(Records excerpted from a collection)
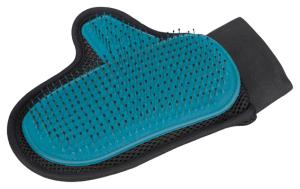 Pälsvårdshandske Höger Stålpiggar Blå 18x24cm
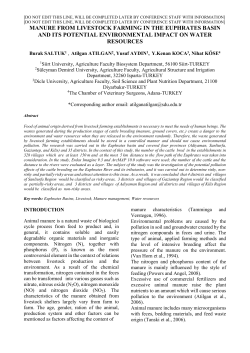 manure from livestock farming in the euphrates basin and its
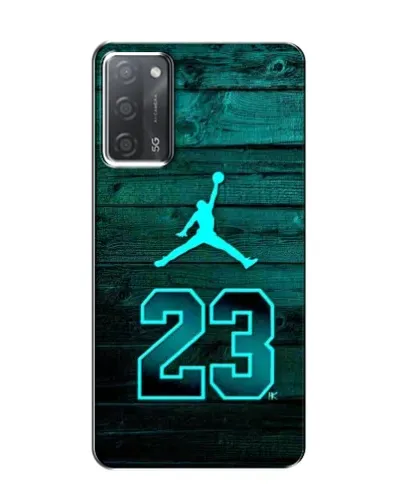 Чохол для OPPO A55 з картинкою «Jordan Cyan 23»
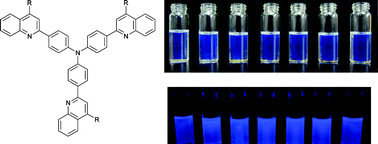 Graphical abstract: Blue-light-emitting multifunctional triphenylamine-centered starburst quinolines: synthesis, electrochemical and photophysical properties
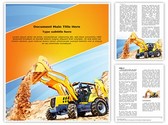 Wheel loader Excavator Editable PowerPoint Template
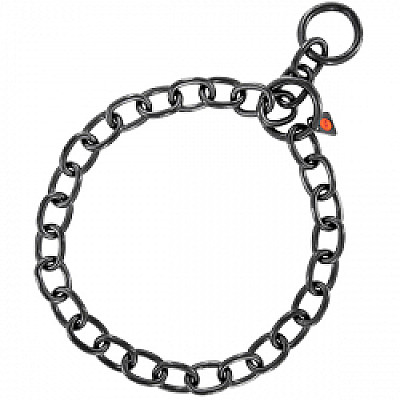 Sprenger Long Link середня ланка нашийник для собак, 4 мм, чорна сталь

Task directions:
Each entry above must come back exactly as written. Drop the images.

Response:
 Pälsvårdshandske Höger Stålpiggar Blå 18x24cm
 manure from livestock farming in the euphrates basin and its
 Чохол для OPPO A55 з картинкою «Jordan Cyan 23»
 Graphical abstract: Blue-light-emitting multifunctional triphenylamine-centered starburst quinolines: synthesis, electrochemical and photophysical properties
 Wheel loader Excavator Editable PowerPoint Template
 Sprenger Long Link середня ланка нашийник для собак, 4 мм, чорна сталь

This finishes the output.